Can we Please have a slider for ship defense preference (like in GC2).  The BestDefense component type is very limiting as it can take a LONG time to get ships to change from one type to another and it always leaves you open to any type of two pronged attach

on Feb 16, 2017

How does the new civilization editor dictate portraits for these citizens and the special VIP ship?

on Feb 16, 2017

Looking for the change of resources , always hated that dumbed down model of ...
I have one of that resource and I could decide to build one tiny ship or the new death star with it ! (ideotic HOI, CIV, Stellaris and still Gal Civ model)

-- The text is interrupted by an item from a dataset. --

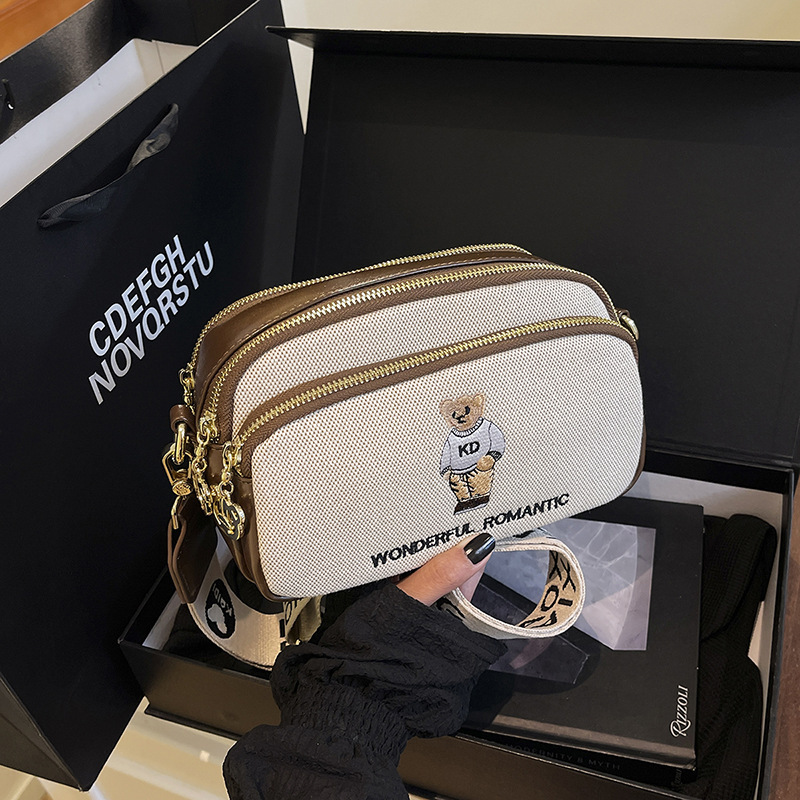 Katie Bear 2025 New Women's Bag, Fashionable and Versatile Camera Bag, Cartoon Cute Shoulder Bag, Crossbody Bag, Small Square Bag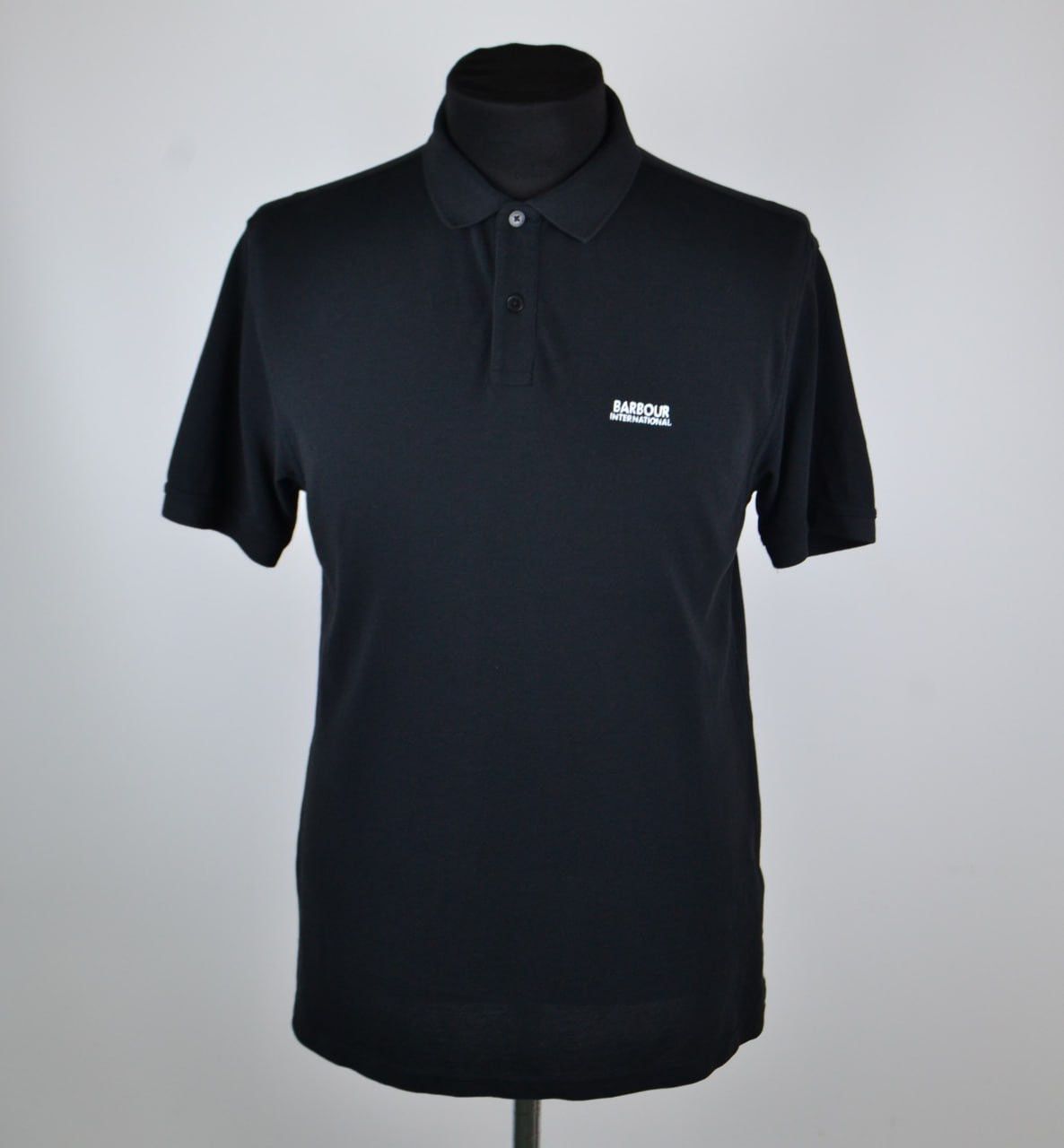 Barbour Barbour international polo short sleeve Black size L Size US L / EU 52-54 / 3 - 1 Thumbnail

SO HOPE THAT sentence mean something ...
Resources accumulate (unlike in GalCiv III) and they result in a vibrant galaxy for your citizens to play in.

And we should need LUXURY resources, if we want to have more inhabitants on our planets ...
like 1-10 no resources are needed , 10-20 one luxury resource, 20-30 two different and so on ... 
so we would need mining/resources planets, if we want a real large home world

 

Best luck for the new ADDOn and count me in, as long as the game, will get away from a game for dummies (like MOO

on Feb 17, 2017

I really like what I'm seeing here. Looking forward to the Crusade!

Gauntlet03

How does the new civilization editor dictate portraits for these citizens and the special VIP ship?

Excellent question--hope there's an excellent answer.